AIM OF THE TASK >> Directions for the data below: repeat exactly the lines from the one with "this 350×262 image." through the one with "this 768×512 image.", both included, and omit all pictures.

DATA SECTION >>
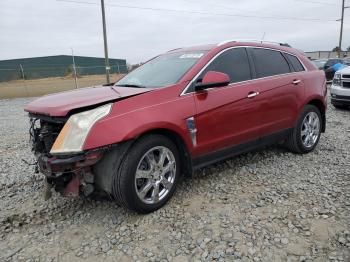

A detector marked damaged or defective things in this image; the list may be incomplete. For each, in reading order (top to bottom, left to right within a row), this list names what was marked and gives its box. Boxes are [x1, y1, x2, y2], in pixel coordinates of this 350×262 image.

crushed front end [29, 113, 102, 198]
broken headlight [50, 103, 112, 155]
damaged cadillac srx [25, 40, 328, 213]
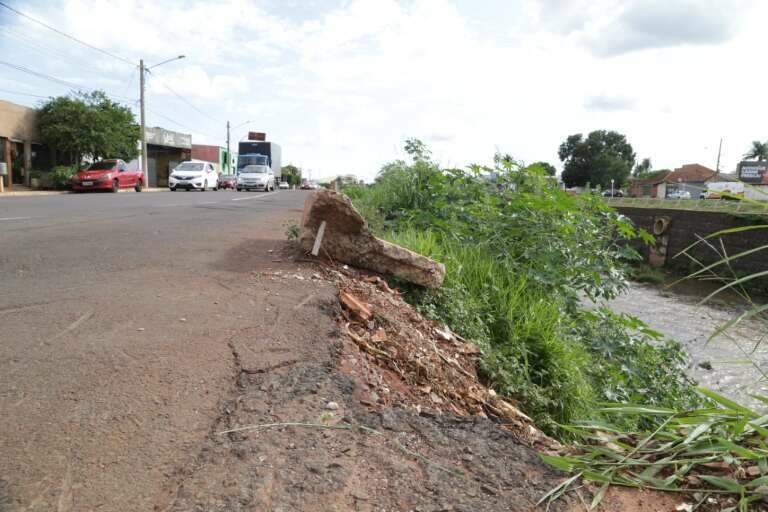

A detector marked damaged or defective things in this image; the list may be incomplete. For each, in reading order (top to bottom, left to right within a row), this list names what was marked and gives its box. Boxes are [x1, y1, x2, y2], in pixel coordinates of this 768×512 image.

...

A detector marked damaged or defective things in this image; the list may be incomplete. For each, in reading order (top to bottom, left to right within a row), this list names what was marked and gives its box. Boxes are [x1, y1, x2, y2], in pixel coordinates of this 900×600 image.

YOUR SOLUTION >>
A detector marked damaged or defective things in this image; the list may be incomplete. For each, in reading order (top to bottom, left to right within a row), this list names what was marked and gives its box. Boxes are [x1, y1, x2, y2], in pixel coordinates of this 350×262 image.

crushed front end [29, 113, 102, 198]
broken headlight [50, 103, 112, 155]
damaged cadillac srx [25, 40, 328, 213]

A detector marked damaged or defective things in this image; the list may be incomplete. For each, in reading order (top to bottom, left to right within a row), this list names what was marked and gives its box. Boxes are [x1, y1, x2, y2], in pixel coordinates of this 768×512 image.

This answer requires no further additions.